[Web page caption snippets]
=== Section Start ===
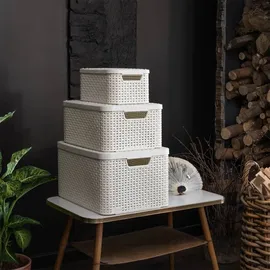 Curver Aufbewahrungsbox 44,5 x 33 cm 1-tlg. beige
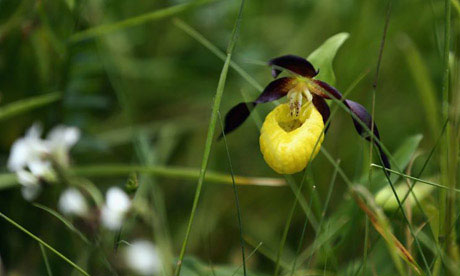 The lady's slipper orchid (Cypripedium calceolus)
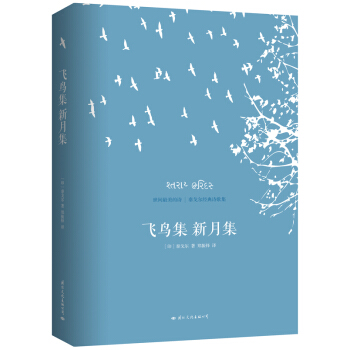 飞鸟集 新月集：泰戈尔经典诗歌集 pdf epub mobi 下载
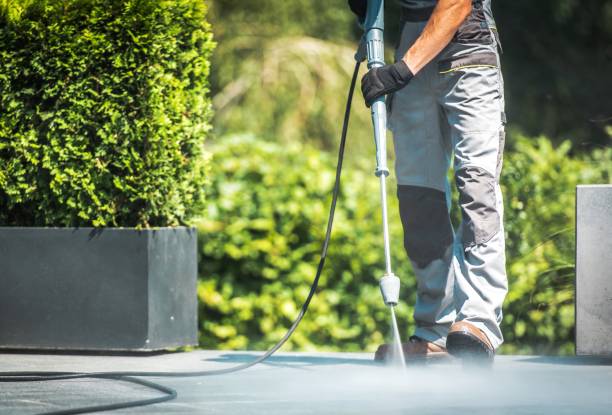 Best Driveway Pressure Washing  in Safety Harbor, FL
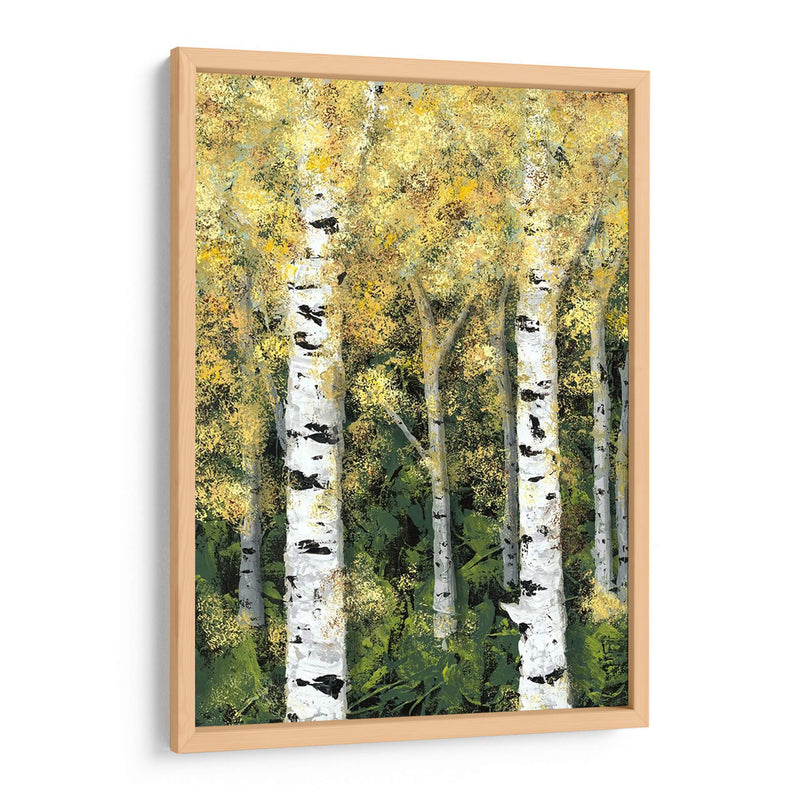 Birch Treeline I - Jade Reynolds | Cuadro decorativo de Canvas Lab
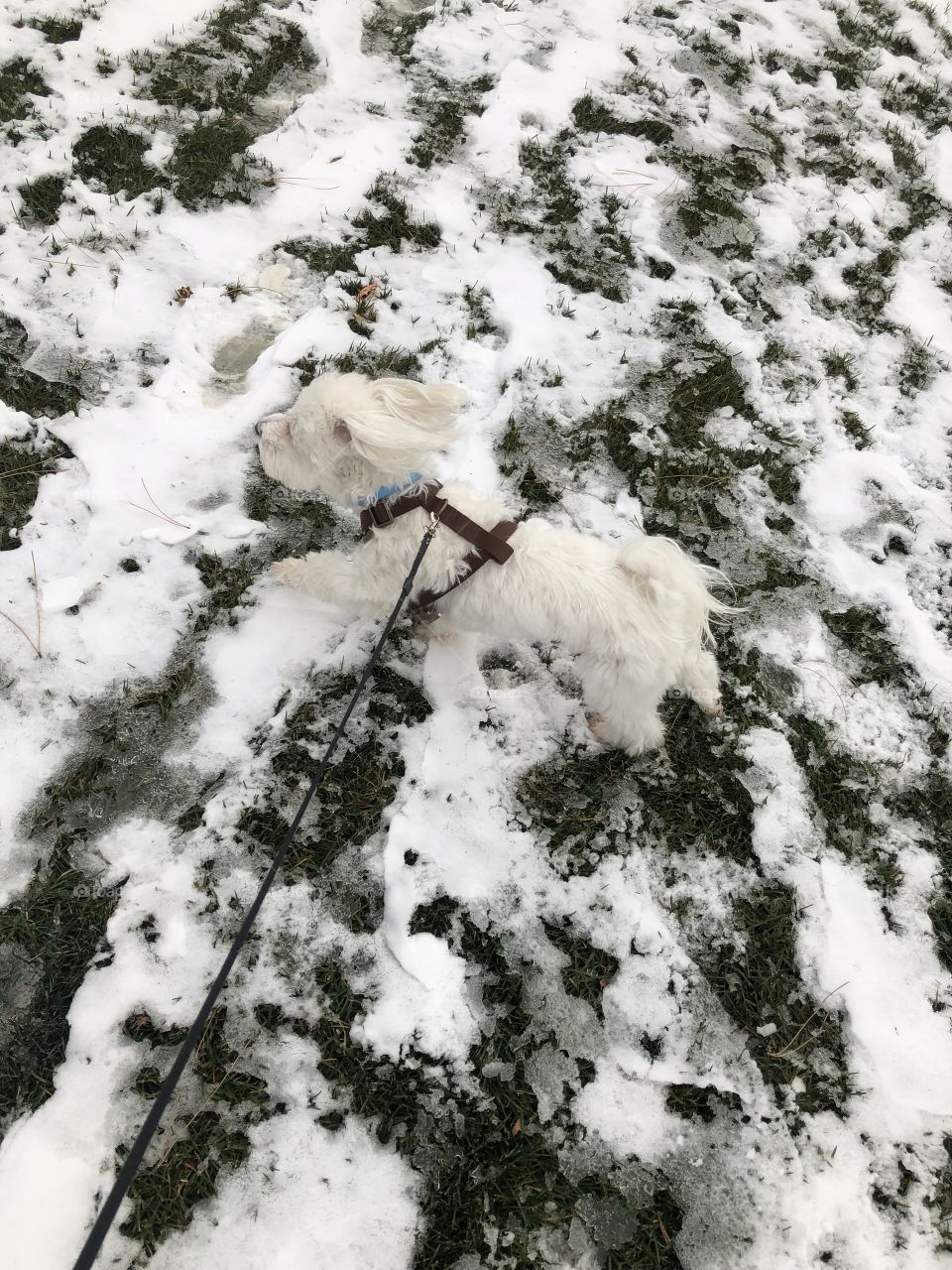 Walking around the park with my best friend in a snowy day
=== Section End ===
### INSTRUCTIONS FOR THE TASK
Write out each entry above once more, exactly as written, and drop the pictures.

### ANSWER BOX
 Curver Aufbewahrungsbox 44,5 x 33 cm 1-tlg. beige
 The lady's slipper orchid (Cypripedium calceolus)
 飞鸟集 新月集：泰戈尔经典诗歌集 pdf epub mobi 下载
 Best Driveway Pressure Washing  in Safety Harbor, FL
 Birch Treeline I - Jade Reynolds | Cuadro decorativo de Canvas Lab
 Walking around the park with my best friend in a snowy day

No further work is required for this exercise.